All right, this is getting silly. This is Snowdonia, for heaven’s sake, it’s not supposed to be warmer than the Mediterranean,
especially not in the evening, and it’s not supposed to be dry either. Everyone knows Wales is the land of song and squally showers, don’t they? (They are often wrong, mind, and on both counts if you’ve heard some of the contributions to the first cliché in our local pub. I shall mention no names but let’s just say that band practice carries and I do wish it didn’t.)
But, in defiance of the fact that I know the stereotypes for what they are – rubbish with but a grainette of truth – and am quite capable of coming to terms with reality, I decided to knit a winter sweater.
I know, I know, but we’d briefly reverted to what passes for the norm – a bit cloudy, not too warm – and I was allowing for the fact that I have to go slow and take care of my hands, and that it will soon(ish) be autumn. I also want to use up the stash, so I selected Norah Gaughan’s Kenobi jacket, found some yarn I bought at Wonderwool ahem, ahem years ago (a cone of green 100% wool DK tweed from Curlew Weavers) and fiddled with the tension to get it to work with the yarn doubled.
Not only is it working, but it’s also a quick and comfortable knit – or it was until we became surprisingly warmer than Nice (admittedly Bordeaux, Montpellier and Toulouse were beating us, but there you go).
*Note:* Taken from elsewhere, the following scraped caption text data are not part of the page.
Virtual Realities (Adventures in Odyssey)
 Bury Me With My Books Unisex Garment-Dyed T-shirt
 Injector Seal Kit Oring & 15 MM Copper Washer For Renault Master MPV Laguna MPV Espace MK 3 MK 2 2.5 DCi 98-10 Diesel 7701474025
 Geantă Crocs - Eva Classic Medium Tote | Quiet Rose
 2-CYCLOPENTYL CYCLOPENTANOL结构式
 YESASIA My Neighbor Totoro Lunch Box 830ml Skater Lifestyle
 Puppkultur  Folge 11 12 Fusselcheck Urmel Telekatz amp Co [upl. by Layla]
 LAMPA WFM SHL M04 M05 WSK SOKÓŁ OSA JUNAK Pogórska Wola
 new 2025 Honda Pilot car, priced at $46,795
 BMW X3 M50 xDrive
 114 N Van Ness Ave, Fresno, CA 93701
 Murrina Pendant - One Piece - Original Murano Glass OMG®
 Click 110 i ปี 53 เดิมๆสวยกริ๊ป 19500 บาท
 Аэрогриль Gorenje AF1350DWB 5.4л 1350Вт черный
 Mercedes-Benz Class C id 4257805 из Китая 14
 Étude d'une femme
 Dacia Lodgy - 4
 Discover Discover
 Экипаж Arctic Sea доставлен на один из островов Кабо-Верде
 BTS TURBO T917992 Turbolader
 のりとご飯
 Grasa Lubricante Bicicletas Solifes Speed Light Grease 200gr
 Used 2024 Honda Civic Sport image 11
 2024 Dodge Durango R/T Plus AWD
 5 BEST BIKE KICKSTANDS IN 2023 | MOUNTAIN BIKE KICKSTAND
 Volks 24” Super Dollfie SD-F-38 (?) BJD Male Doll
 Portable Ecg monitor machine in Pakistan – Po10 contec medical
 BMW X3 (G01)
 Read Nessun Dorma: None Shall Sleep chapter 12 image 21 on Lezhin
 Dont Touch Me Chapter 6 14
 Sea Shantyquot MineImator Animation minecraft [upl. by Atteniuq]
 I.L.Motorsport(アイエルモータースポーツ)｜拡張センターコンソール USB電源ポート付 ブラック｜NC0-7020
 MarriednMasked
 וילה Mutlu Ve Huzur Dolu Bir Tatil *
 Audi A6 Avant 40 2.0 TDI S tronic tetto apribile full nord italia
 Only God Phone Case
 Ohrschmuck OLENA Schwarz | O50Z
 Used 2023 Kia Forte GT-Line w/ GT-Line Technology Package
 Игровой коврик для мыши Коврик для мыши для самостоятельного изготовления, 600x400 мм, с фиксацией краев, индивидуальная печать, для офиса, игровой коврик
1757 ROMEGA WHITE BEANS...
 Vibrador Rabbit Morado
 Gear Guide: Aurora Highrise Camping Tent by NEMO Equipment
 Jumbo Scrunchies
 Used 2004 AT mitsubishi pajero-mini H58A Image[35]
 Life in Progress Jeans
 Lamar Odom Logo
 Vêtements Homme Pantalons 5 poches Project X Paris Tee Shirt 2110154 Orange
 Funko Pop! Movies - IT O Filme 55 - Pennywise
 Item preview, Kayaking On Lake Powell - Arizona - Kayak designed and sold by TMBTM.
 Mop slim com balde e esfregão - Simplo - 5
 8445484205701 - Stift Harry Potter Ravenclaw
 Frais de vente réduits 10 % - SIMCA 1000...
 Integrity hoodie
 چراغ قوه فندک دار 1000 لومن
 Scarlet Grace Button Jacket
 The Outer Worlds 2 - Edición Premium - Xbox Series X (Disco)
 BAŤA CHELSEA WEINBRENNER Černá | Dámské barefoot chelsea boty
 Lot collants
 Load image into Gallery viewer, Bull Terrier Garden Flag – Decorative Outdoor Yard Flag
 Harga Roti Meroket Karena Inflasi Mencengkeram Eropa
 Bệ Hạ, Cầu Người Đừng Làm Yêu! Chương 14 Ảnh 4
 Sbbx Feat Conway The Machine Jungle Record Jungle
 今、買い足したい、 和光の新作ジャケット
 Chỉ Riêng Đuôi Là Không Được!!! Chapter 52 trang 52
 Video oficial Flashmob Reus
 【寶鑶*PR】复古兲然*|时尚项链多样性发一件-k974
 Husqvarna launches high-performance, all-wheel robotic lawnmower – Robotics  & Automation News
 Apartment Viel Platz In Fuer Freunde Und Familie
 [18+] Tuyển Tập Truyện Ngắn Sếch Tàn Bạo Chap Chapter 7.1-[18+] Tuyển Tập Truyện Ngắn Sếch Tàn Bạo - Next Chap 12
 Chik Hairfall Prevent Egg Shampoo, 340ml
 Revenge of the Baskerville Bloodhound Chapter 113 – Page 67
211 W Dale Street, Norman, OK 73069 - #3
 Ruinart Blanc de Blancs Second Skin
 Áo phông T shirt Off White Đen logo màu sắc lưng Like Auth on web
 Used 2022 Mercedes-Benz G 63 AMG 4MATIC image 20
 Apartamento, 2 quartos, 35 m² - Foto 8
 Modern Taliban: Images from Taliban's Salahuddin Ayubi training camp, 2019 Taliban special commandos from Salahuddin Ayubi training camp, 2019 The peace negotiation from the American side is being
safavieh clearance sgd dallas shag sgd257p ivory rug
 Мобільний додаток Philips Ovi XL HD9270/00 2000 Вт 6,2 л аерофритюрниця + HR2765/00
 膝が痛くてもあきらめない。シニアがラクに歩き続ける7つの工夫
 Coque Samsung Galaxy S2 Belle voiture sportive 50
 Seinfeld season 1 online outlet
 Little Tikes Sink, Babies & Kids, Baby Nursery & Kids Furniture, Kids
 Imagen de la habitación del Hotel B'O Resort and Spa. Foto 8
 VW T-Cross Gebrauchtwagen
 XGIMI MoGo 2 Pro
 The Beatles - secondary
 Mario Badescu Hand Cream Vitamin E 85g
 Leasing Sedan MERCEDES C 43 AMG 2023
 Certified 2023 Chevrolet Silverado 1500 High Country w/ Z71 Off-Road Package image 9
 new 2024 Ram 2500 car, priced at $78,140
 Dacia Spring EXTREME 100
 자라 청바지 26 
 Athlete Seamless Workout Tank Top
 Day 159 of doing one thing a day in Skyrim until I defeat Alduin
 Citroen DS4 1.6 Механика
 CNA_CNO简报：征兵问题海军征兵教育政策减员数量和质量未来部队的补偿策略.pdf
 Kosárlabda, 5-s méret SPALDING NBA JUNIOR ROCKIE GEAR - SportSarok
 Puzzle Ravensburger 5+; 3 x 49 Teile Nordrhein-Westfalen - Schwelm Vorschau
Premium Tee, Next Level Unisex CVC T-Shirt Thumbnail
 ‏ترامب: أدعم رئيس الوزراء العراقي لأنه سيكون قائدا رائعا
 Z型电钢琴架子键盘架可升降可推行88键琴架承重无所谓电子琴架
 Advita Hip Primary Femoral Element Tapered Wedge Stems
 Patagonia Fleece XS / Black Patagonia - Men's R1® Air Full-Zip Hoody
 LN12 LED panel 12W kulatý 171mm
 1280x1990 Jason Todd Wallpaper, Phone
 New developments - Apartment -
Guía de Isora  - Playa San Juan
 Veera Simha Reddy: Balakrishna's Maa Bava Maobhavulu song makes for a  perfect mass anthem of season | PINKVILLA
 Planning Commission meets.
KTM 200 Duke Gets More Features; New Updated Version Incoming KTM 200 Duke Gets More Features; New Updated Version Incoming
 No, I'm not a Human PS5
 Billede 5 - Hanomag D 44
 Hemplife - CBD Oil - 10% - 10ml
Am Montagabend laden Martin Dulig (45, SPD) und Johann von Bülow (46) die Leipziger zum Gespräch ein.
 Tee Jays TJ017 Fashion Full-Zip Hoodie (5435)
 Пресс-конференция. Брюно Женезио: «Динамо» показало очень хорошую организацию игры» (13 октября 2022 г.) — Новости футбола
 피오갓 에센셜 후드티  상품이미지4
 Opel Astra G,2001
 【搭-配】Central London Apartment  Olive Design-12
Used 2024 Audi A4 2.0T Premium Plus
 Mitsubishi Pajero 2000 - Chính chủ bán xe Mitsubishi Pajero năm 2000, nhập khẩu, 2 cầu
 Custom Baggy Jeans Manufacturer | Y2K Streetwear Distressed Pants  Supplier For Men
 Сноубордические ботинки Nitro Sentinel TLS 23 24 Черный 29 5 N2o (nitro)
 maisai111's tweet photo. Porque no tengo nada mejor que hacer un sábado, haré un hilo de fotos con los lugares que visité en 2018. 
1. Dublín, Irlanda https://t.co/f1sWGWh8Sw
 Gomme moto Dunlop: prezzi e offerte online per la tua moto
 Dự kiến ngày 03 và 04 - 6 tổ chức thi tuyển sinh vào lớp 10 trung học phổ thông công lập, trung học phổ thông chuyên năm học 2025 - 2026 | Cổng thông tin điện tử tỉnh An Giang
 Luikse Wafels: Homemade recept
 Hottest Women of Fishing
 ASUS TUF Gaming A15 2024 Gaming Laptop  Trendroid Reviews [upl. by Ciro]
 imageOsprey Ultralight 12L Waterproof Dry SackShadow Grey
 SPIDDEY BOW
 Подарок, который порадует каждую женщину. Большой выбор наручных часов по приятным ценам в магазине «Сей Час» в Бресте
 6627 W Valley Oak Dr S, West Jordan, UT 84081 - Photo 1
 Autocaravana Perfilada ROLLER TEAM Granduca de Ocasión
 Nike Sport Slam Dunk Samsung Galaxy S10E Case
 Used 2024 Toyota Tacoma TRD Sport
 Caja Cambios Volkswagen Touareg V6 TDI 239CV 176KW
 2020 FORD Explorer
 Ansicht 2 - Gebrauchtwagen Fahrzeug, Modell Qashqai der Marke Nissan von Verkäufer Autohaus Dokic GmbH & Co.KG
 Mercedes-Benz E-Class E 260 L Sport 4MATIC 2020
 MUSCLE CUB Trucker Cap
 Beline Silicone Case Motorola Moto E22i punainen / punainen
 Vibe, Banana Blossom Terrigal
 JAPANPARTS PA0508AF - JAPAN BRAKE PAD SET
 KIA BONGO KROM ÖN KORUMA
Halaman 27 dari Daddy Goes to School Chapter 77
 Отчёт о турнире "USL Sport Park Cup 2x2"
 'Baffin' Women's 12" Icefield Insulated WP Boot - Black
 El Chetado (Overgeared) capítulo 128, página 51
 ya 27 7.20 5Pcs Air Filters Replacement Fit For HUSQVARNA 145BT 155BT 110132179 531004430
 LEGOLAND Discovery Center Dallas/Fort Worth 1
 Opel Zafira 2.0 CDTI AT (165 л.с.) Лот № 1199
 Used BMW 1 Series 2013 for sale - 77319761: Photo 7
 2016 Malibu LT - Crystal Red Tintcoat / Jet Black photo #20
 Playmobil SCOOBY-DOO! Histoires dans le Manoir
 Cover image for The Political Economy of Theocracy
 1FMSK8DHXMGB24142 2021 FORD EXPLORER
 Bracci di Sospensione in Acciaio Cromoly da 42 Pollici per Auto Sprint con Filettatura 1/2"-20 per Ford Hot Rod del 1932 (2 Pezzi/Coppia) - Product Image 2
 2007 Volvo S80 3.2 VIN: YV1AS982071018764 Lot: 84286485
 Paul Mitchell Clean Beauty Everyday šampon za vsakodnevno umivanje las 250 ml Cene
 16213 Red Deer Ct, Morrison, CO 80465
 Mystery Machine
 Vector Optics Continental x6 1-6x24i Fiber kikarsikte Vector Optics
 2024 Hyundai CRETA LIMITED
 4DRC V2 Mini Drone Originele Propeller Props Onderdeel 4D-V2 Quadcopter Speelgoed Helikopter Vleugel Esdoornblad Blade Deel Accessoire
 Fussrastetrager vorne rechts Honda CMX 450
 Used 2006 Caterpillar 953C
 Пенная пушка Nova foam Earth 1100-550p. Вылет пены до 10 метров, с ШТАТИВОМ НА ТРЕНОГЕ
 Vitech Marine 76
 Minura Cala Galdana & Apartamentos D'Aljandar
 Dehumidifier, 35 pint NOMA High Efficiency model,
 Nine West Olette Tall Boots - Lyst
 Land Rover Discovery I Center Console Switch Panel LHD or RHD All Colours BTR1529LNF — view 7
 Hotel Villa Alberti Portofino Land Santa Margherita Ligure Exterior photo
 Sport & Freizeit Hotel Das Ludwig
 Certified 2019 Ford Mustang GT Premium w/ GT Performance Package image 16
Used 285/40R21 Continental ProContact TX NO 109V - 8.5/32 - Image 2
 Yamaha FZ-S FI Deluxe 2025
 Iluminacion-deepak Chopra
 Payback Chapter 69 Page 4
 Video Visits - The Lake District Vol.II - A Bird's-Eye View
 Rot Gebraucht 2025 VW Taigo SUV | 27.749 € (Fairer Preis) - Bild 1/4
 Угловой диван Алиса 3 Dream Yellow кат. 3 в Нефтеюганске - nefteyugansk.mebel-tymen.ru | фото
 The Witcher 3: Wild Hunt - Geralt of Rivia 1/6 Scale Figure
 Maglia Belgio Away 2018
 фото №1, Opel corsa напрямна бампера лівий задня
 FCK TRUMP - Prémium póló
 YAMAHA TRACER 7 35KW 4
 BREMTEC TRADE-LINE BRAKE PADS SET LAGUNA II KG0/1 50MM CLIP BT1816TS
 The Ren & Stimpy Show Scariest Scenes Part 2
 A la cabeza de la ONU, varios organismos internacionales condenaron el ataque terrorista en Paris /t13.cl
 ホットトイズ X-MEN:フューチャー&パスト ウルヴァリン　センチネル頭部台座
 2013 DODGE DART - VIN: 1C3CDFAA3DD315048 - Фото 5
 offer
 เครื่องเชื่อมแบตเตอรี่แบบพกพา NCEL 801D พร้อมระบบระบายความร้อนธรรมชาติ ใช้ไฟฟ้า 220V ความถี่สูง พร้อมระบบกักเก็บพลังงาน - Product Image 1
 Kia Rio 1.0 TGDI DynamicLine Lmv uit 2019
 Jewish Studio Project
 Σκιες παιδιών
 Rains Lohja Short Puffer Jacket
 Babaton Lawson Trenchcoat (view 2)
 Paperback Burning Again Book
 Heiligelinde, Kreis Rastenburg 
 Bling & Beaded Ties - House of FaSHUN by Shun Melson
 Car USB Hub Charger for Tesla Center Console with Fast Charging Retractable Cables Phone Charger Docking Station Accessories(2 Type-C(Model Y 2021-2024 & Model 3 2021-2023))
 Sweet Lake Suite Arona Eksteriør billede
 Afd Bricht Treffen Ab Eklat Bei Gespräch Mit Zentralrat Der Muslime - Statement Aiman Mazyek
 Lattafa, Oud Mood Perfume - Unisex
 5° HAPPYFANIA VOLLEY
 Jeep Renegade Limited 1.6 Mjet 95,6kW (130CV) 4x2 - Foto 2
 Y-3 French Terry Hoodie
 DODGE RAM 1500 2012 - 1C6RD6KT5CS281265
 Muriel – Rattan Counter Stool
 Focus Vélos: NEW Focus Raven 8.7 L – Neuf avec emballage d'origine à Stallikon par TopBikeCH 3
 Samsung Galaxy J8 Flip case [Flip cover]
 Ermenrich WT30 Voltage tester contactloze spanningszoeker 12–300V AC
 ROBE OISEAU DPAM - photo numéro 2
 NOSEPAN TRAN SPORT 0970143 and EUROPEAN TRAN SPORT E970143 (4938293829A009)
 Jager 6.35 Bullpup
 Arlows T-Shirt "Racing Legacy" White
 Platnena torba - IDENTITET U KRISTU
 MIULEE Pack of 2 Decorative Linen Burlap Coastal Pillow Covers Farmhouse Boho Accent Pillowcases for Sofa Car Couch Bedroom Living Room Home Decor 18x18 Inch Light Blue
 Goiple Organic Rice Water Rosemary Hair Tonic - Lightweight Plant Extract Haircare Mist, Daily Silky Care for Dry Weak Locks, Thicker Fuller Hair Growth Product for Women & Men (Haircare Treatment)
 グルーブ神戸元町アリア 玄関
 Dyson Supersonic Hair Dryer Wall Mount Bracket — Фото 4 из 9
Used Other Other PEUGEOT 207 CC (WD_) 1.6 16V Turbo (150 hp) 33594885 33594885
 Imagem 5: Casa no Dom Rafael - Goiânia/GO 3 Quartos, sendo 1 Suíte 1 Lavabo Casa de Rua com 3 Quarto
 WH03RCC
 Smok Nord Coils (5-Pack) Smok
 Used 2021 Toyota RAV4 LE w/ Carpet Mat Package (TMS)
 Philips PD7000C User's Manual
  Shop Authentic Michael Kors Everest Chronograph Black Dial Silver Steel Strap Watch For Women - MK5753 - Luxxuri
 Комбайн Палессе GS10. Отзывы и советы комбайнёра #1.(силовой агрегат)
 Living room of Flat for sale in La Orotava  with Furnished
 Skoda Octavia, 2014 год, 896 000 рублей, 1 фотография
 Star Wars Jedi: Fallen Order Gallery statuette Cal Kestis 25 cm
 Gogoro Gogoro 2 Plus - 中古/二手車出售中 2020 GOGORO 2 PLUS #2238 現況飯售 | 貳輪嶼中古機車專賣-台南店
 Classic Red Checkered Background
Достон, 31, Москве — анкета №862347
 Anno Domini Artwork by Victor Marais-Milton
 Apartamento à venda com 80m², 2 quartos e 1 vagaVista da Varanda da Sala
At this point it became rather like knitting with an uncooperative labrador on your lap – minus the dribble but not entirely minus the smell, and with quite a bit of shedding also involved. I kept sticking to the work, the yarn, the needles, the pattern, the settee, the carpet, the rather nasty knitting bag I got from Rowan as a freebie. I gave up. So what to do instead?
There’s work. Let’s pass over that.
There’s the garden, some of which has started harvesting itself. I’d been wondering when to pick the garlic when it all fell over, making debate somewhat academic:
but working in the garden achieved very little except giving me mild sunstroke, a deep and as yet unsatisfied desire for a Magnum (holiday traffic preventing me getting near shop), and an interesting criss-cross sunburn pattern on my feet due to the straps on my sandals.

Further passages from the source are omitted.